Two central algorithms are examined: the homographic (or Möbius) transformation and the quadratic transformation. The homographic algorithm applies a single Möbius map to an input stream, producing a new stream that corresponds to elementary field operations such as addition, subtraction, and multiplication. The quadratic algorithm combines two input streams to realise multiplication, squaring, and division, essentially implementing the second‑order operations required for a full field structure. Both algorithms are lazy: they refine intervals only as needed, and they may terminate after a finite number of steps for certain inputs. Consequently, they are only partially productive—they do not guarantee an infinite output stream for every possible input.

Coq’s native support for coinductive types relies on a syntactic guardedness condition: every recursive call must appear directly under a constructor. This condition ensures productivity but also excludes partially productive definitions. The authors therefore devise a novel approach that relaxes the strict guardedness requirement while remaining within Coq’s type‑theoretic constraints. Their technique introduces a conditional guard combined with a partial productivity predicate. In practice, the definition of each algorithm is expressed as a cofix term whose body contains explicit checks that the recursive call is guarded only when the current input satisfies a decidable condition (e.g., the interval width is below a threshold). When the condition fails, the computation yields a finite prefix and stops, which Coq accepts because the guard is satisfied on the branch that recurs.

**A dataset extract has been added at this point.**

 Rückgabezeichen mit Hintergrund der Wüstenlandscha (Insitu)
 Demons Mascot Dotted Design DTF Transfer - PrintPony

The formal development proceeds in several layers. First, a coinductive predicate RealStream relates a stream of Möbius maps to the real number it denotes. Lemmas about convergence, monotonicity of the interval maps, and preservation of the intersection property are proved coinductively. Second, the authors define the homographic and quadratic functions as cofix terms, together with auxiliary lemmas that establish their soundness: the real number represented by the output stream equals the mathematical result of applying the corresponding continuous function to the input real(s). Third, they prove completeness: for any pair of real numbers, the algorithms can be instantiated (by appropriate choice of Möbius parameters) to compute the desired field operation, provided the inputs are represented by valid streams. The proofs make essential use of the continuity of the underlying transformations, ensuring that the partial productivity does not compromise correctness.

A significant contribution is the demonstration that the formalisation is representation‑independent. The only requirements on a concrete stream representation are that it can be expressed as a coalgebra for the functor Stream (MöbiusMap) and that the associated RealStream predicate holds. Consequently, the same Coq development can be instantiated for ternary streams, signed digit streams, or any other admissible encoding, simply by providing the appropriate constructors and proofs of the basic lemmas.

The paper situates its work within a rich body of related research. Prior Coq formalizations of exact reals (e.g., by Ciaffaglione‑Di Gianantonio, Bertot, Hou) focused on total, fully productive functions and did not address division or other operations that inherently involve partial productivity. The authors’ approach bridges this gap, offering the first Coq‑verified, partially productive algorithms that together yield a complete field of exact reals. Moreover, the treatment of partial productivity aligns with earlier work on partial recursion for inductive types, but extends it to the coinductive setting of infinite objects.

All Coq scripts, definitions, and proofs are made publicly available, enabling other researchers to reuse the framework, adapt it to alternative stream encodings, or extend it with higher‑level functions such as trigonometric, exponential, and logarithmic operations. The authors also outline future directions: automating the generation of conditional guards, integrating more sophisticated interval refinement strategies, and exploring categorical semantics that capture the weakly final coalgebra nature of the coinductive real type.

In summary, the paper delivers a rigorous, mechanised verification of lazy exact real arithmetic algorithms that are only partially productive, demonstrates how to reconcile Coq’s guardedness constraints with such algorithms, and provides a flexible, representation‑agnostic foundation for further development of certified exact real computation.